Example 1 with explanation of how it refers to the topic sentence

Example 2 with explanation of how it refers to the topic sentence

Example 3 with explanation of how it refers to the topic sentence

Conclusion
You may also use an “extended” example to prove your point. In this case, you would choose one overall example and provide many details to connect the example to the thesis/topic sentence. For example, if you are writing about raising the age for driver’s licenses to eighteen, you may choose to focus on one specific sixteen-year-old’s dangerous/ thoughtless driving habits to support your point.
**Things to remember:

Pre-writing: Take the time during the pre-writing stage to generate more examples then you think you would need. It is easier to have too many and cut down the list, than it is to have too few.

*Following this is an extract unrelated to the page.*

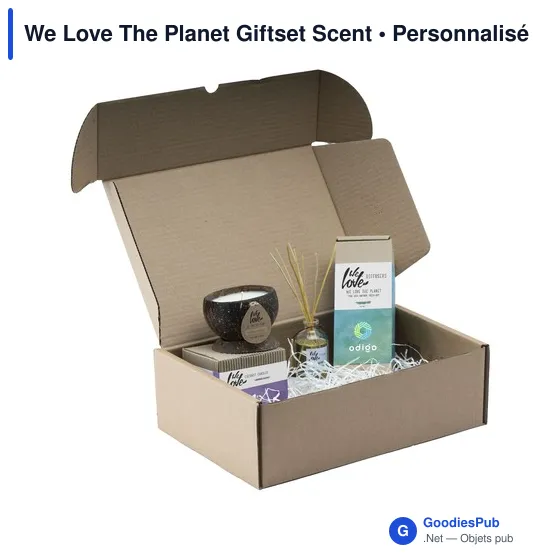 Coffret cadeau parfumé personnalisable avec logo - We Love The Planet - Image 3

Order: You may want to move from your more simple examples to your more complex examples or follow emphatic order.
Comparison and/or Contrast Comparison and contrast is the examination of “two or more items for likeness, difference, or both” (Reinking and von der Osten). Some assignments will specify that “comparison” is for identifying similarities and “contrast” is for indicating differences; however, the term “comparison” may be used for both differences and similarities. There are two primary patterns of organization when comparing or contrasting – the “subject-by-subject” pattern and the “point-by-point” pattern.
The subject-by-subject (or block) pattern deals with the two objects to be compared as wholes and examines first one and then the other:
Introduction (includes thesis/topic sentence, sets up comparison)

Subject 1

Characteristic 1


Characteristic 2

Characteristic 3

Subject 2

Characteristic 1

Characteristic 2

Characteristic 3

Conclusion
The point-by-point, which is also called “alternating” comparison, treats the subjects alternately in terms of characteristics they share, examining each characteristic in relation to its opposite:
Introduction (includes thesis/topic sentence sets up comparison)

Characteristic 1

Subject 1

Subject 2

Characteristic 2

Subject 1

Subject 2

Characteristic 3


Subject 1

Subject 2

Conclusion
**Things to remember:

Be aware of the assignment: Some assignments call for just comparison or just contrast.

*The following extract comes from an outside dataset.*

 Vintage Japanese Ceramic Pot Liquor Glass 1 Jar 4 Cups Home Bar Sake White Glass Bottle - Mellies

Purpose: Determine whether you wish to persuade or to inform your reader of something.
Definition “When you define, you identify the features that distinguish a term, thereby putting a fence around it, establishing its boundaries, and separating it from all others” (Reinking and von der Osten). An essay-length definition should be extended, and the writer should begin by placing the subject in a class with characteristics.
Example:
SUBJECT CLASS CHARACTERISTICS

Democracy is a form of government in which voters elect

representatives to manage society

(Brandon 297)


The arrangement of an extended formal definition may take several forms. In fact, it is often the student’s opportunity to incorporate many of the other rhetorical modes (Description, Cause/Effect, Classification, Comparison/Contrast, etc.). Therefore, the pattern or outline of a definition may resemble one of the patterns listed throughout this handout.
**Things to remember:

Language: Word choice is very important with definition. Don’t complicate the definition by using more difficult language to define the subject. Do not use a circular definition (using the term you are trying to define within the definition).

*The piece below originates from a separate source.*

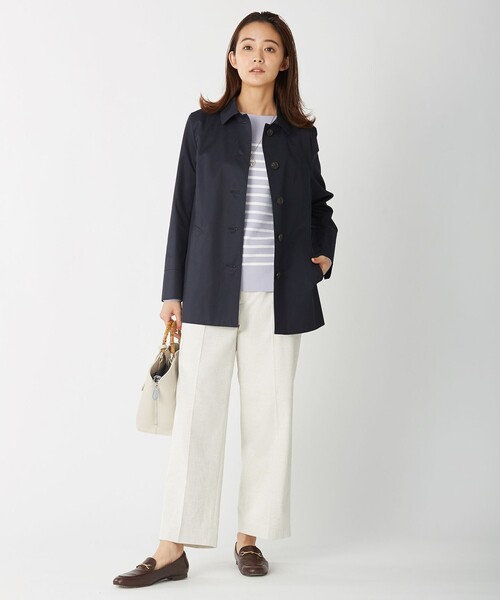 J.PRESS(ジェイプレス)の「【洗える】KATE パネルボーダー ボートネック ニット(ニット/セーター・レディース・ホワイト系1/ネイビー系1/ふじ色系1・MEDIUM/LARGE)」の16枚目の写真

Order: Again, writers often find that emphatic order is best with definition, though spatial or chronological organization may work depending on how the writer chooses to develop his/her term (Brandon 297-301).
References:
Brandon, Lee. Paragraphs and Essays: A Worktext with Readings. New York: Houghton

Mifflin, 2005
Reinking, James A. and Robert von der Osten. Strategies for Successful Writing. 7th ed.

Upper Saddle River, NJ: Prentice Hall, 2005.